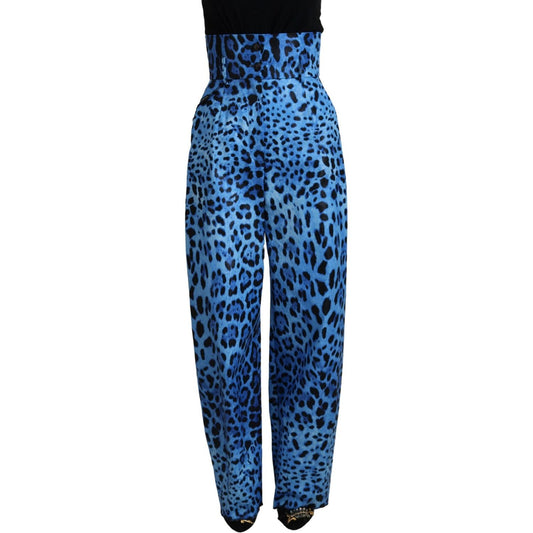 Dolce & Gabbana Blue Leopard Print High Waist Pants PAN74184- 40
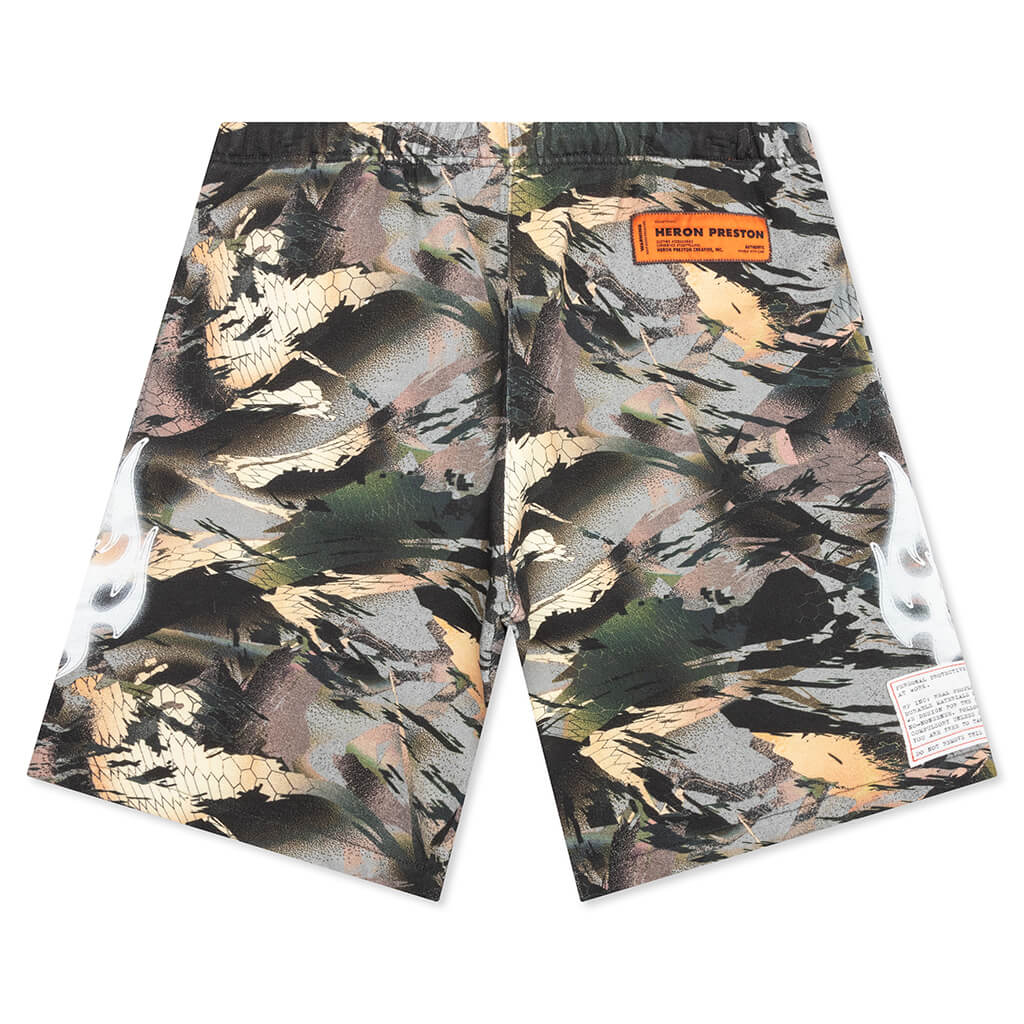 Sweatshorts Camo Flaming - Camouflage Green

──────────

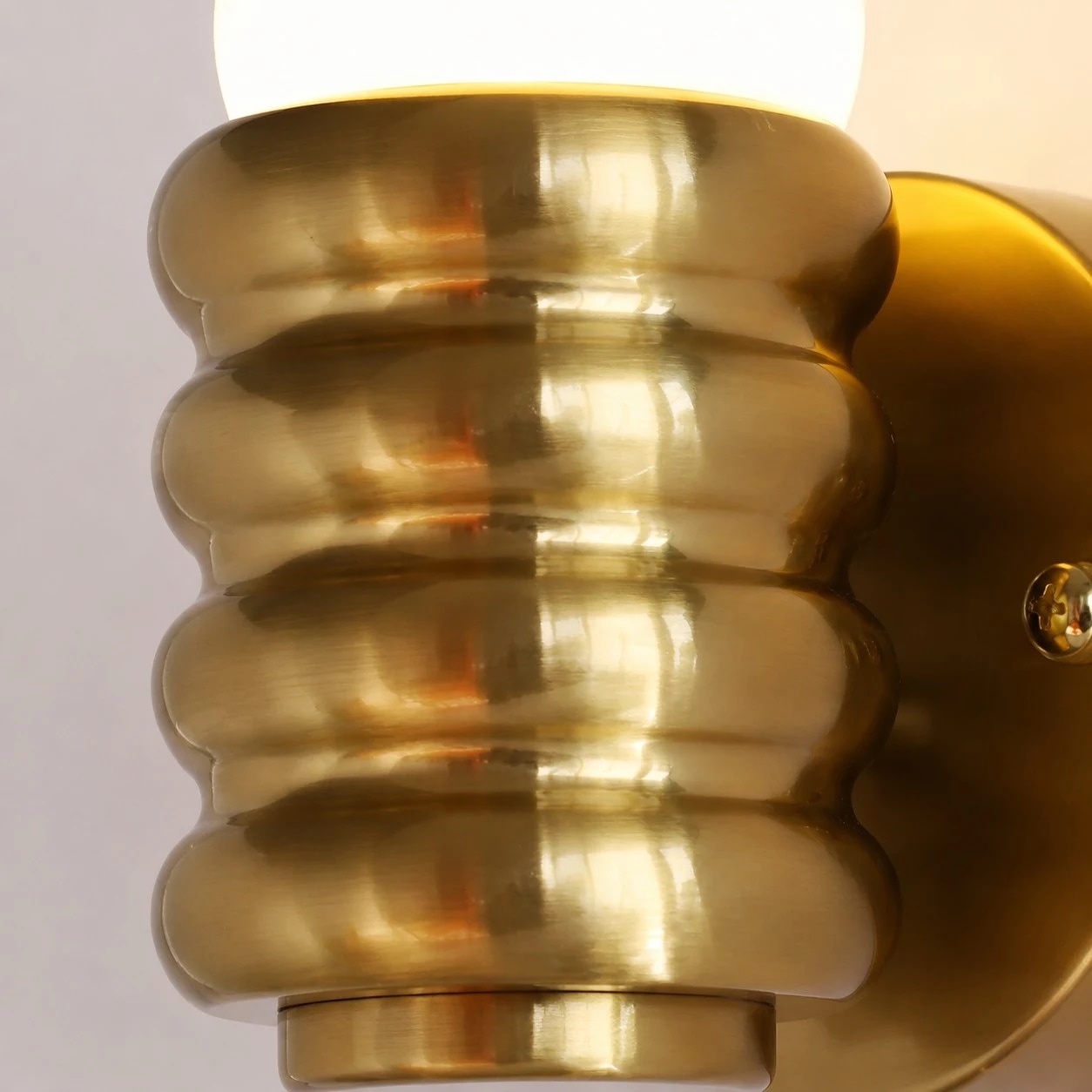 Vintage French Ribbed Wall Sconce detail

──────────

Range to copy from the records above: the line containing "Dolce & Gabbana" to the line containing "Sweatshorts Camo Flaming - Camouflage Green", both included. Output those lines exactly and only those, skipping pictures.

 Dolce & Gabbana Blue Leopard Print High Waist Pants PAN74184- 40
 Sweatshorts Camo Flaming - Camouflage Green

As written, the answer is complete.